*** AVAILABLE DATA Section Begins ***

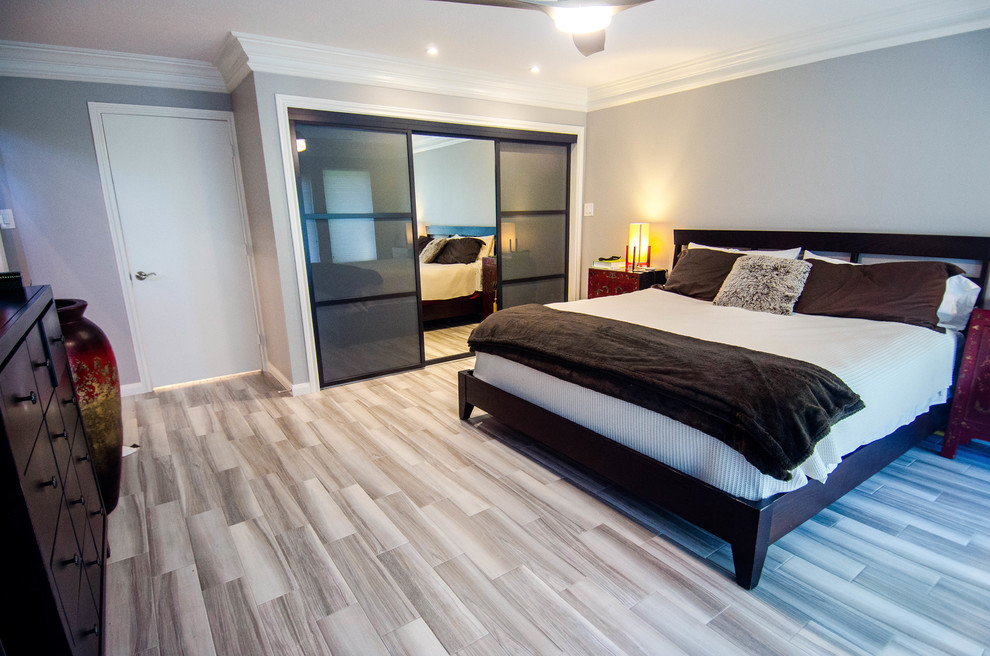 Photo of a mid-sized transitional master bedroom in Houston with grey walls, porcelain floors and grey floor.
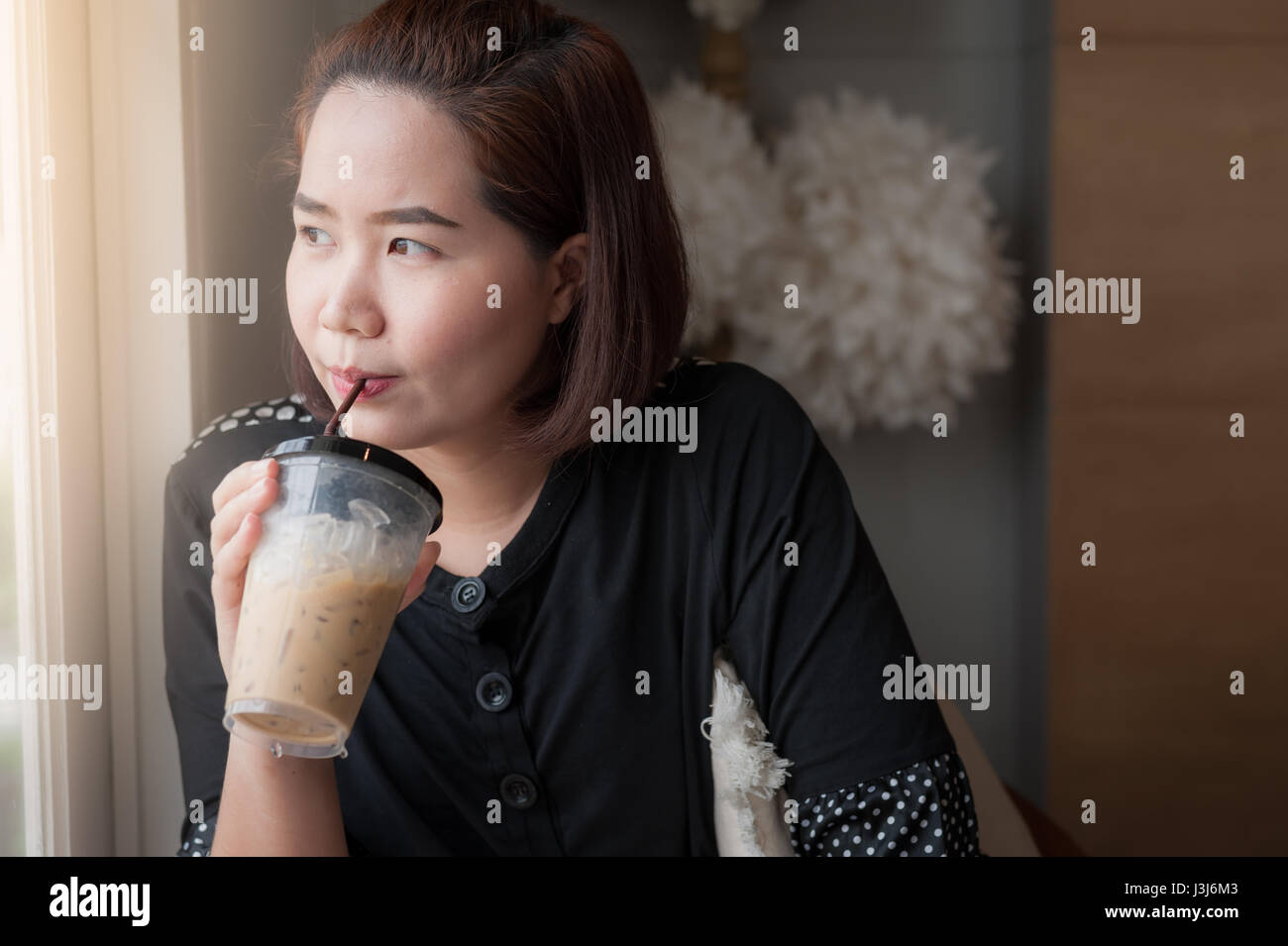 Giovane donna asiatica bere latte ghiacciata caffè accanto alla finestra in cafe con buon feeling. Fine Settimana lifestyle concetto astratto Foto Stock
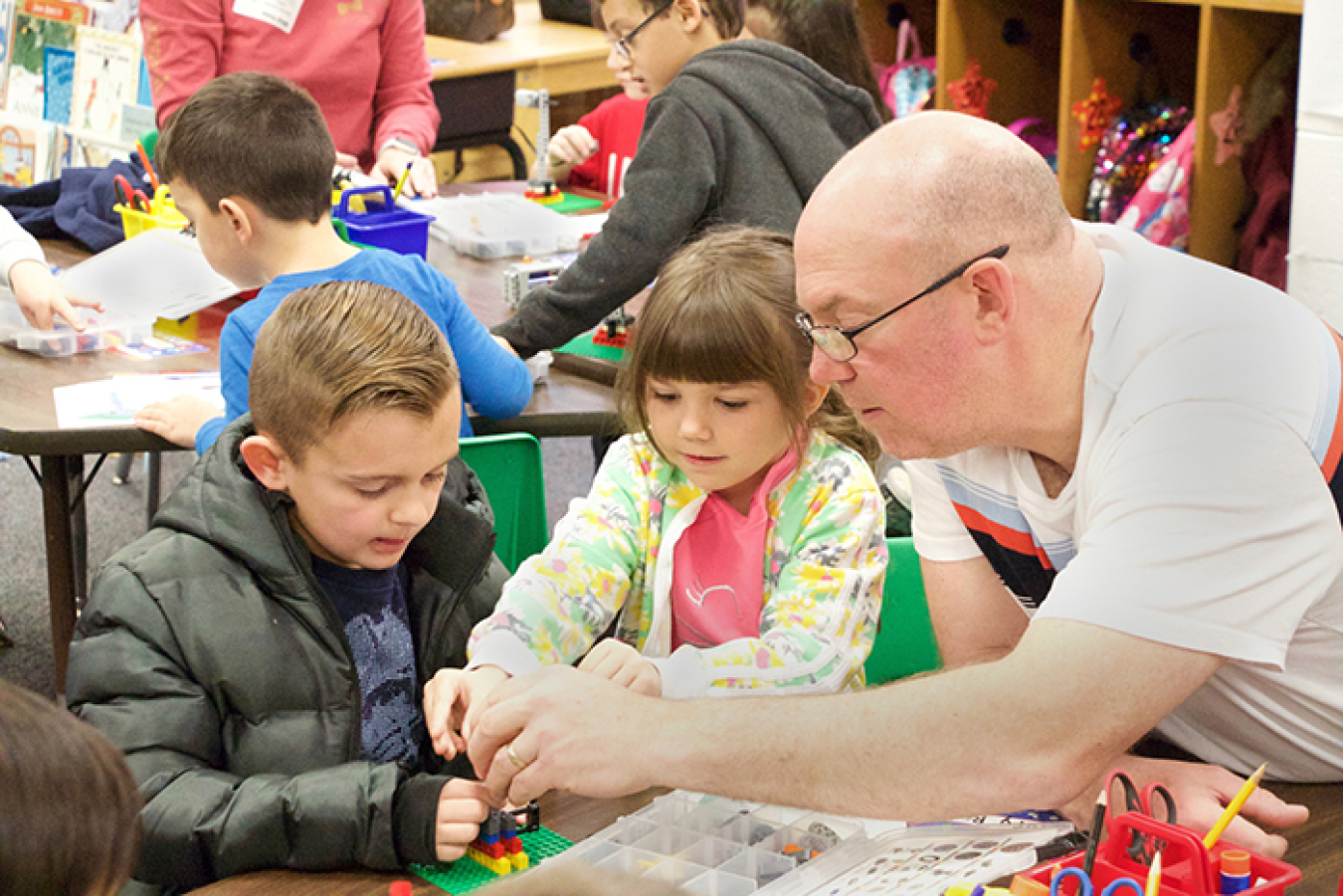 Savannah River Nuclear Solutions engineer Steve Watson helps Millbrook Elementary School students create battery-powered Lego windmills during "Science Enrichment Day" at a school near the Savannah River Site.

*** AVAILABLE DATA Section Ends ***

WORK REQUIRED:
Give back the data exactly. Pictures stay out.

SOLUTION FOR THIS TASK:
 Photo of a mid-sized transitional master bedroom in Houston with grey walls, porcelain floors and grey floor.
 Giovane donna asiatica bere latte ghiacciata caffè accanto alla finestra in cafe con buon feeling. Fine Settimana lifestyle concetto astratto Foto Stock
 Savannah River Nuclear Solutions engineer Steve Watson helps Millbrook Elementary School students create battery-powered Lego windmills during "Science Enrichment Day" at a school near the Savannah River Site.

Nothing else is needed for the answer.